Work request: Could every line of the listing be output exactly, with the pictures skipped?

Exercise input:
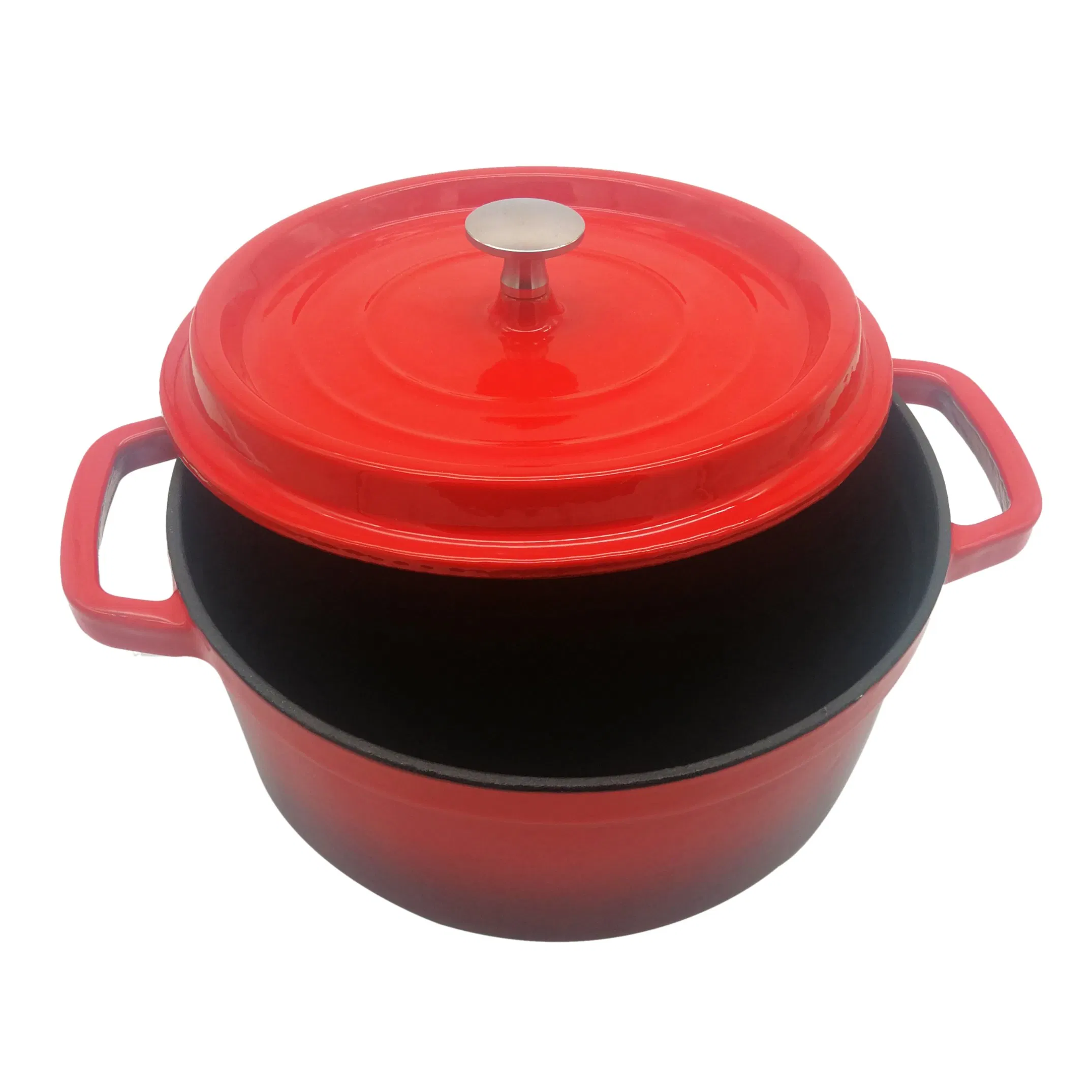 Чугунная жаровня Cookwin 24 см 3.5 л, эмалированная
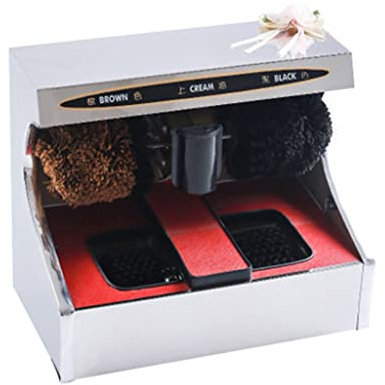 Multifunction Floor-Standing Automatic Shoe Polishing Machine, Double Motor Hotel Business Shoe Pos Shoe Polisher, for Family Hotel Bank Electric Shoe Polisher(Style 3)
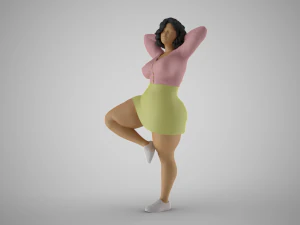 充满希望的女孩 3D 打印模型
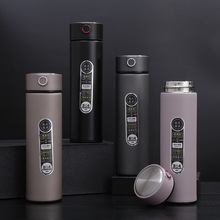 304不锈钢真空保温杯水壶高档商务车载航天logo水杯礼品批发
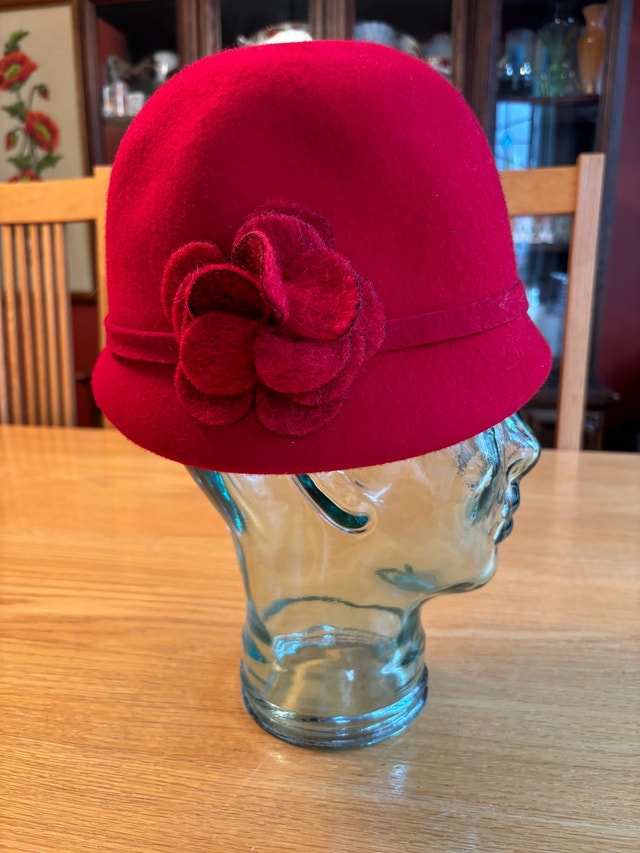 Red Wool Hat - Italy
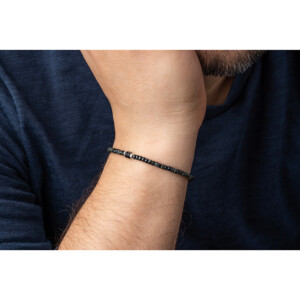 2mm Siyah Picasso Miyuki - Hematit Taşlı Bileklik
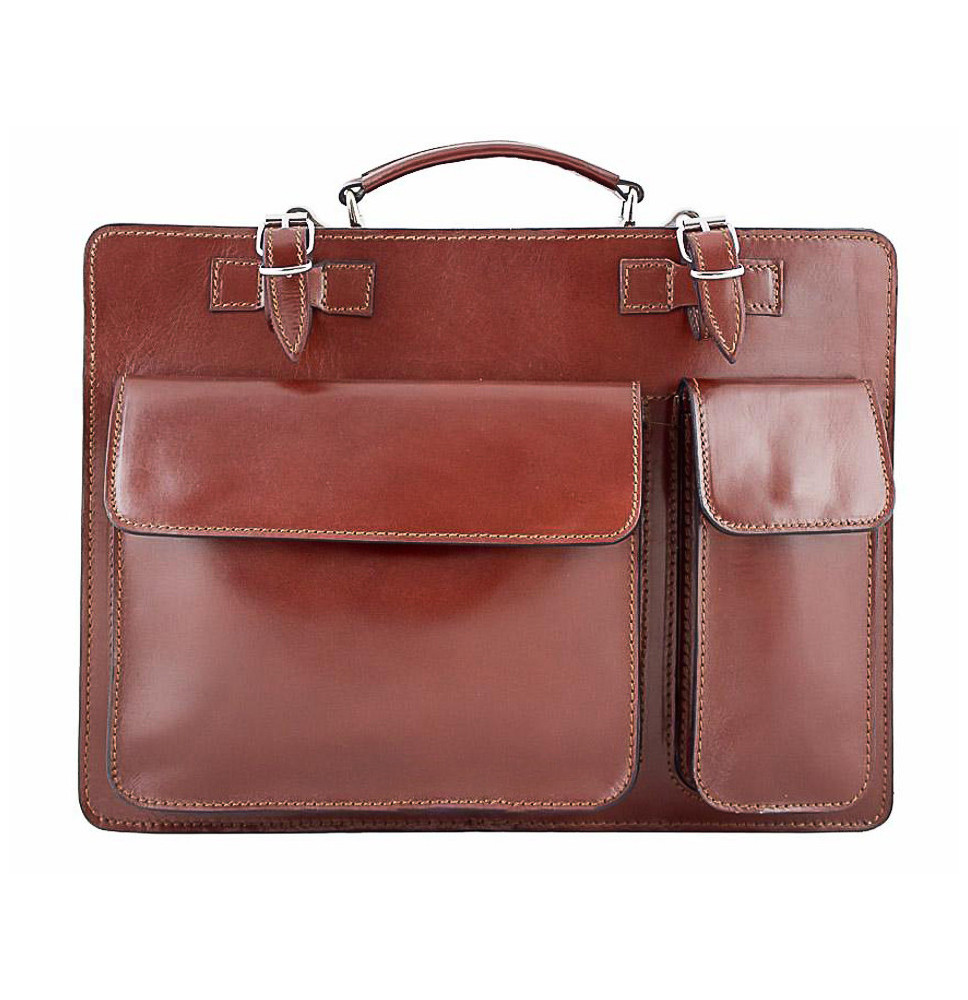 Leather Workbag 683 brown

Task answer:
 Чугунная жаровня Cookwin 24 см 3.5 л, эмалированная
 Multifunction Floor-Standing Automatic Shoe Polishing Machine, Double Motor Hotel Business Shoe Pos Shoe Polisher, for Family Hotel Bank Electric Shoe Polisher(Style 3)
 充满希望的女孩 3D 打印模型
 304不锈钢真空保温杯水壶高档商务车载航天logo水杯礼品批发
 Red Wool Hat - Italy
 2mm Siyah Picasso Miyuki - Hematit Taşlı Bileklik
 Leather Workbag 683 brown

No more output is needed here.